A Turkish court sentenced 337 military officers and others to life in prison in one of the largest trials related to the 2016 coup attempt.
Air force pilots and army commanders were among nearly 500 people accused of trying to oust President Recep Tayyip Erdogan.
They allegedly directed the plot from Akinci Air Force Base near Ankara.
Erdogan says the US-based cleric Fethullah Gulen masterminded the plot that led to the mass arrests.
Gulen denied any involvement in the coup attempt, which took place in July 2016, which killed 251 people and injured more than 2,000 others. Erdoan was on vacation at that time in a resort.

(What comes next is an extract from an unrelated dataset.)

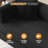 63" Boneless Corduroy Sleeper Sofa Bed, Modular Futon Couch, Compression Foam Sofa with 2 Pillows, No Assembly Required-76797014-79693598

Thousands of civilians rallied to support Erdogan in a night of unrest, confronting rogue soldiers and preventing the conspirators from seizing power.
The trial began in August 2017, and the charges included seeking to kill President Erdogan and seizing key state institutions. The largest court in Turkey, located at Senkan near Ankara, was crowded with those who wanted to attend the verdicts.
The officers who had conspired against Erdogan seized a plane at Akinci base, and took the then chief of staff, General Hulusi Akar, and some other officers hostage.
The former air force commander, Akin Ozturk, was sentenced to life in prison last year for his role in the plot.
The indictment states that 25 F-16 pilots bombed targets in Ankara, including Parliament, which was hit three times, in addition to key security buildings. The bombing killed 68 people in Ankara and injured more than 200.
There were 25 generals and 10 civilians in the dock.
More than 10 army officers, including F-16 fighter pilots and four civilians, were sentenced to 79 life “aggravating” sentences each. The “aggravating” sentences include more severe prison sentences than regular life imprisonment.
Six people were tried in absentia, among them Gulen and Adel Oksuz, a lecturer in theology accused of being the main coordinator of the coup plot.
Businessman Kamal Batmaz, who was among those who received “heavy” life sentences, was accused of aiding Adel Oksuz.
Erdogan classified the “Hizmet” movement led by Gulen as a “terrorist” organization. Gulen was once an ally of the president, but since the coup attempt, the 79-year-old cleric has been on the run in Pennsylvania, and Turkey is seeking his extradition.
Erdogan carried out a large-scale purge of state institutions after the conspiracy, as he sacked or arrested more than 100,000 public sector employees, including teachers and judges accused of links with Gulen.
There were a number of trials for alleged masterminds, and courts passed more than 2,500 life sentences.